#### What to produce:
Set down every record below exactly as it appears, but without the pictures.

#### Records excerpted from a collection:
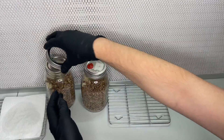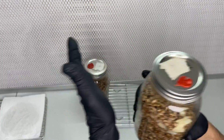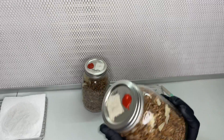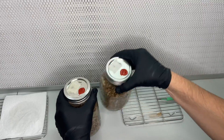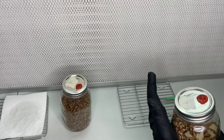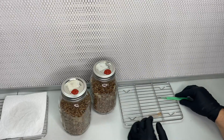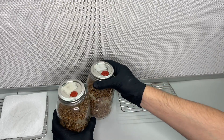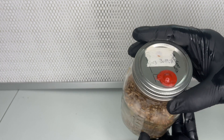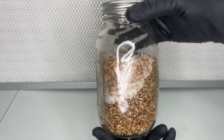After the wedges have been added to the jars, I attach the modified lids and then shake the jar to distribute the agar wedges. If you don't know how to make these modified lids, I will also leave a video tutorial link in the description. The jars are now left on a shelf in a room that is around 75 degrees Fahrenheit for about one week to allow the mycelium to grow from the agar wedges onto the grain.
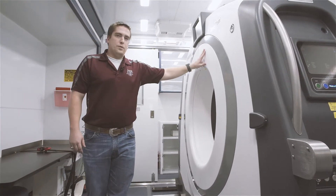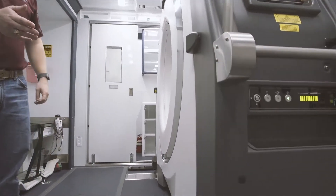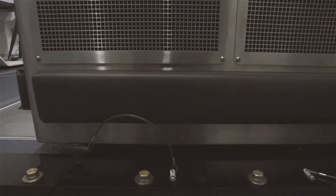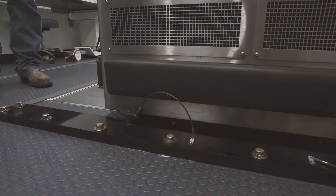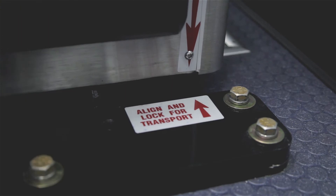It's currently in transport mode. At the end of the black plates you'll notice these T-pins that are helping to lock it in place, so this scanner is not able to move until we take those pins out and are ready to allow it to move.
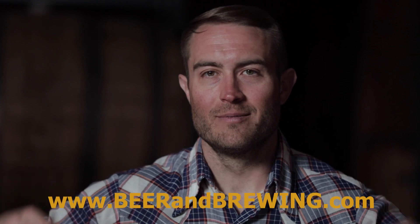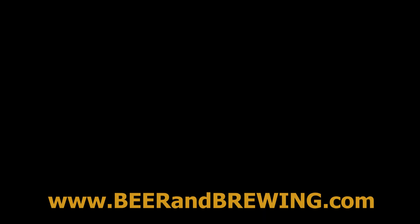If you want to learn more about brewing farmhouse style beers with Brettanomyces, click the link below.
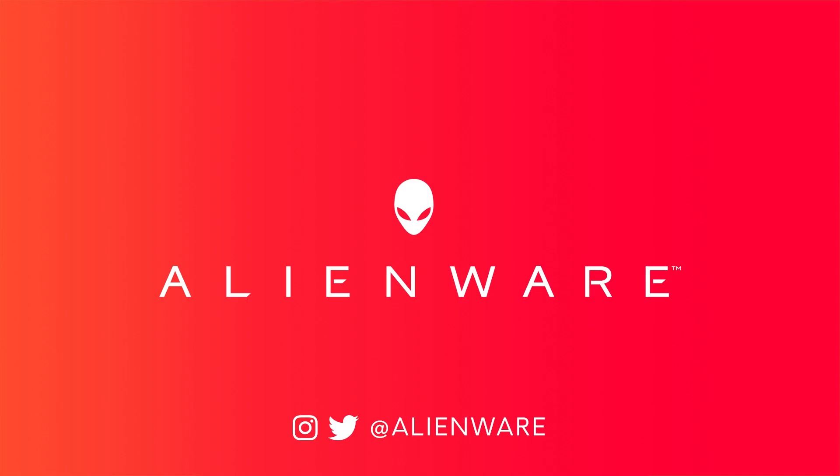Thank you for watching. We hope you have as much fun with the new Alienware Aurora as we have designing it. Stay tuned to our YouTube channel and our social media handles at Alienware for more.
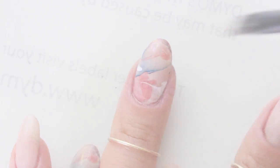You can always use a latex barrier before you start stamping, but mine dried out. So if you have any recommendations on a good latex barrier, let me know.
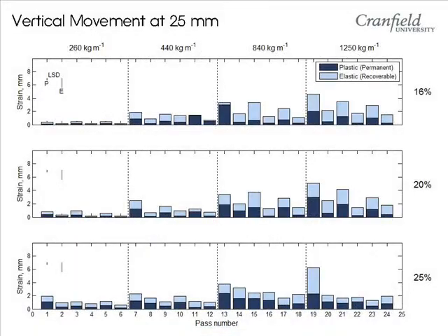This graph shows the vertical deformation in just the top marker for different roller weights and different moisture contents. The bars comprise the elastic deformation (light blue) and the permanent plastic deformation (dark blue). You can see that as the weight is increased, the deformation or compaction increases. The four loads are comparable to a half-ton, one-ton, two-ton, and three-ton roller moving left to right.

#### Solution:
After the wedges have been added to the jars, I attach the modified lids and then shake the jar to distribute the agar wedges. If you don't know how to make these modified lids, I will also leave a video tutorial link in the description. The jars are now left on a shelf in a room that is around 75 degrees Fahrenheit for about one week to allow the mycelium to grow from the agar wedges onto the grain.
It's currently in transport mode. At the end of the black plates you'll notice these T-pins that are helping to lock it in place, so this scanner is not able to move until we take those pins out and are ready to allow it to move.
If you want to learn more about brewing farmhouse style beers with Brettanomyces, click the link below.
Thank you for watching. We hope you have as much fun with the new Alienware Aurora as we have designing it. Stay tuned to our YouTube channel and our social media handles at Alienware for more.
You can always use a latex barrier before you start stamping, but mine dried out. So if you have any recommendations on a good latex barrier, let me know.
This graph shows the vertical deformation in just the top marker for different roller weights and different moisture contents. The bars comprise the elastic deformation (light blue) and the permanent plastic deformation (dark blue). You can see that as the weight is increased, the deformation or compaction increases. The four loads are comparable to a half-ton, one-ton, two-ton, and three-ton roller moving left to right.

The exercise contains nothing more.